Bagi Gus Dur ini adalah sebuah proses pematangan dalam fiqih Kiai Bisri yang di kemudian hari akan kelihatan, yang akan memantapkannya mengambil keputusan sendiri berdasarkan pemahaman fiqihnya juga tanpa harus kehilangan hormat kepada guru.
Ijtihad kreatif ini dilanjutkan oleh putri Kiai Bisri, Nyai Musyarofah, yang diperistri Kiai Abdul Fattah, Tambak Beras, Jombang. Salah satunya dengan mendirikan pesantren putri di Pesantren Tambak Beras pada 1951.
Setelah Kiai Abdul Wahab Chasbullah wafat, Rais ’Aam NU berada di pundak KH Bisri Syansuri pada 1972, era mulai menguatnya pemerintahan Orde Baru. Tantangan besar yang pertama adalah munculnya sebuah Rancangan Undang-Undang Perkawinan yang secara keseluruhan berwatak begitu jauh dari ketentuan-ketentuan hukum agama, sehingga tidak ada alternatif lain kecuali menolaknya. Menarik untuk diikuti bahwa proses perundingan dalam upaya menyetujui RUU tersebut agar menjadi Undang-Undang (UU) berlangsung sangat alot dan ketat.
Sebagian besar peserta yang terlibat dalam proses perundingan tersebut berasal dari NU yang berhadapan dengan unsur dari Angkatan Bersenjata Republik Indonesia (ABRI). Hal ini menunjukkan, begitu besarnya pengaruh para ulama di dalam dan di luar PPP pada saat itu.
“Para jenderal yang saat itu memiliki nama dan wewenang yang cukup besar, seperti Soemitro, Daryatmo, dan Soedomo harus berhadapan dengan Kiai Bisri yang terkenal tidak mengenal kompromi dan penganut penerapan fiqih secara ketat,” demikian tulis H Abd Aziz Masyhuri dalam bukunya, Al-Magfurlah KH Bisri Syansuri, Cita-cita dan Pengabdiannya.

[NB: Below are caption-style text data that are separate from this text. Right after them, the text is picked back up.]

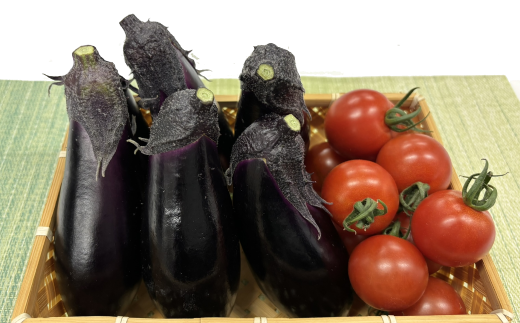 安田町の野菜 ナス トマト 少量セット 野菜 お試し セット 詰め合わせ ナス 5本トマト 150g x 2 300g 旬の野菜 季節野菜 やさい 国産 人気 季節 旬 新鮮 定番 高知県 安田町 TR-15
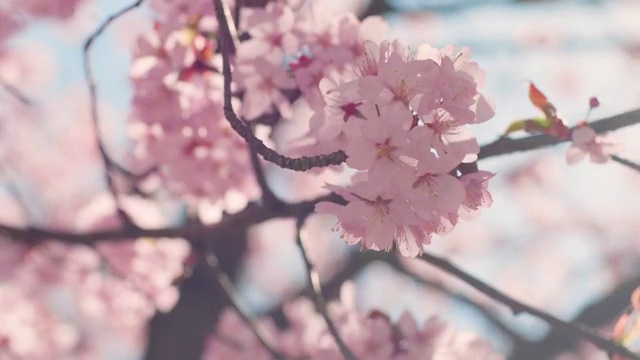 樱花树与蓝色的天空视频素材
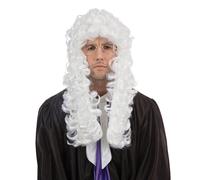 Adult Mens Ladies Judge Barrister Lawyer Court Fancy Dress Costume White Wig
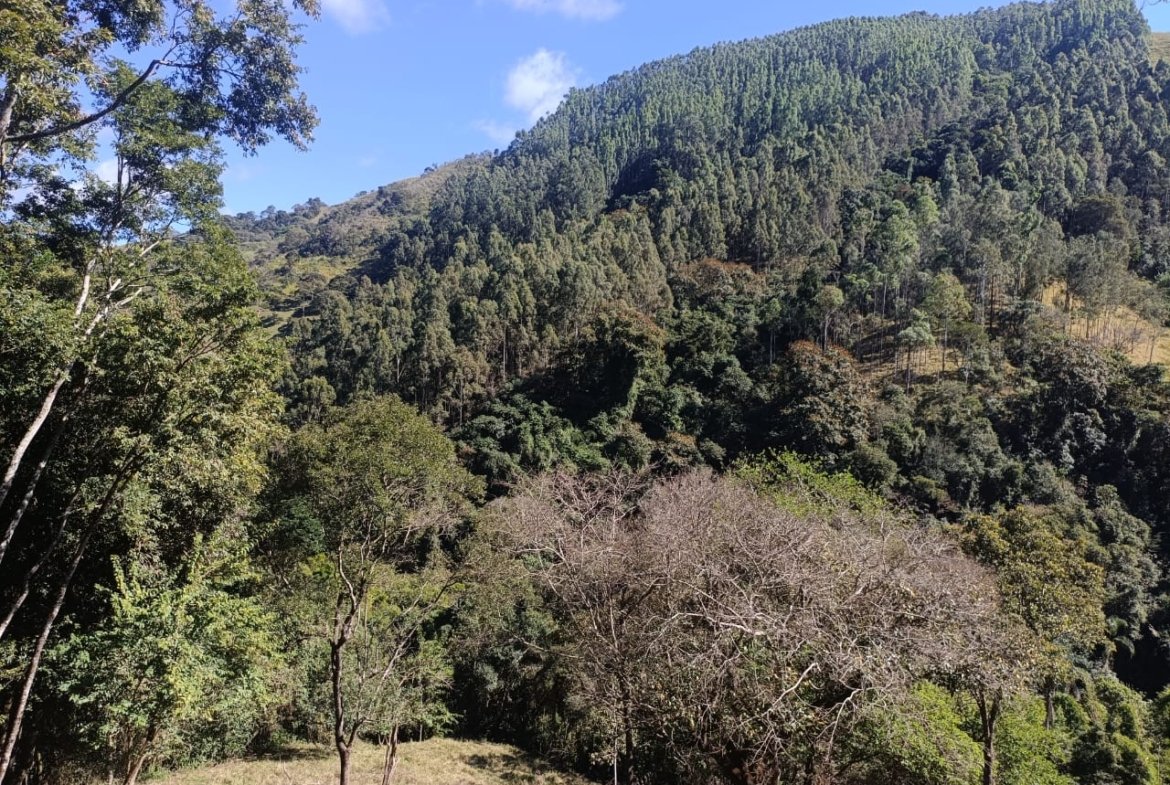 Terreno de 4,74 alqueires com Água Cristalina a Venda em Cambuí MG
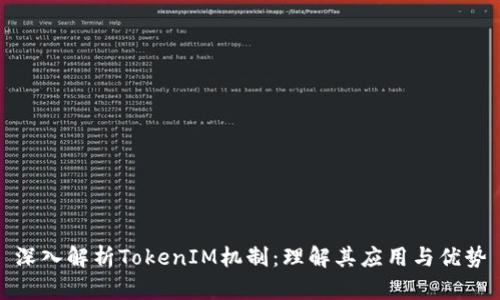 深入解析TokenIM机制：理解其应用与优势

Kemudian, Kiai Bisri bersama kiai-kiai NU lain membuat RUU tandingan, di dalam buku KH Abdus Salam menjelaskan RUU itu dengan mengutip Andrée Feillard, dalam bukunya Nu Vis-à-vis Negara: Pencarian Isi, Bentuk dan Makna. Isi RUU alternatif rancangan para ulama yang dimotori KH Bisri Syansuri, yang meliputi:
Pertama, perkawinan bagi orang Muslim harus dilakukan secara keagamaan dan tidak secara sipil (pasal 2: NU berhasil memenangkan pendapatnya);
Kedua, masa ‘iddah, saat istri mendapatkan nafkah setelah diceraikan harus diperpendek. Pemerintah mengusulkan satu tahun, sedangkan NU minta tiga bulan karena menuntut seorang dari Muslimat, suami berhak rujuk kembali kepada istri selama masa ‘iddah itu. Tidak ada perkecualian diberlakukan bagi wanita usia lanjut.
Ketiga, pernikahan setelah kehamilan di luar nikah tidak diizinkan. NU cukup berhasil dalam arti definisi anak yang sah adalah yang dilahirkan dalam atau sebagai akibat perkawinan.

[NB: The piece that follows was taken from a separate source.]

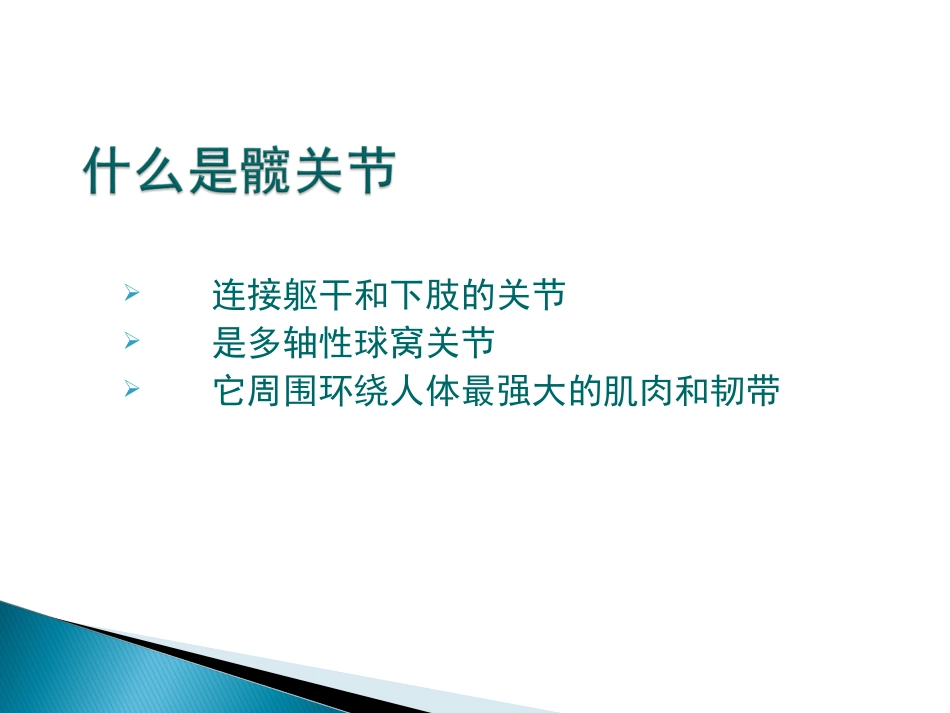 髋关节解剖学_第2页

Keempat, pertunangan dilarang karena dapat mendorong ke arah perzinahan. NU berhasil, pasal 13 ini dihapus.
Kelima, Anak angkat tidak memiliki hak yang sama dengan anak kandung. Dalam hal ini NU berhasil; pasal 42 mengatakan bahwa anak yang sah adalah yang dilahirkan dalam atau sebagai akibat perkawinan.
Keenam, penghapusan sebuah pasal dari rancangan undang-undang yang diajukan yang menyatakan bahwa perbedaan agama bukan halangan bagi perkawinan. Pasal 11 ini dihilangkan dan tidak disinggung.
Ketujuh, batas usia yang diperkenankan untuk menikah ditetapkan adalah 16 tahun, bukan 18 tahun bagi wanita 19 tahun bagi pria dan bukan 21 tahun. Pada pasal 7 ini, NU berhasil.
Kedelapan, penghapusan pasal mengenai pembagian rata harta bersama antara wanita dan pria, karena dalam Islam “hasil usaha masing-masing suami atau istri secara sendiri-sendiri menjadi milik masing-masing yang mengusahakannya”. Pada pasal ini, NU berhasil.
Kesembilan, NU menolak larangan perkawinan antara dua orang yang memiliki hubungan sebagai anak angkat dan orang tua angkat atau anak-anak dari orang tua angkat. Pasal ini disempurnakan menjadi hubungan sebagai anak angkat tidak dilarang, tetapi disinggung pula soal hubungan persusuan.
Kesepuluh, NU menolak larangan melangsungkan perkawinan lagi antara suami-istri yang telah bercerai. Dalam pasal 10 ini, NU berhasil. Perlawanan NU dalam RUU Perkawinan di awal Orde Baru tersebut tidak terlepas dari Kiai Bisri Syansuri ahli fiqih yang telah matang, bersama kiai-kiai NU lain.
Kiai Bisri wafat pada 25 April 1980 di usia 93 tahun. Tepat pada Kamis (25/4/2024), merupakan ke 44 tahun Mbah Bisri--sapaan KH Bisri Syansuri-- berpulang. Mbah Bisri dimakamkan di kompleks pemakaman Pondok Pesantren Mamba’ul Ma’arif Denanyar, Jombang, Jawa Timur.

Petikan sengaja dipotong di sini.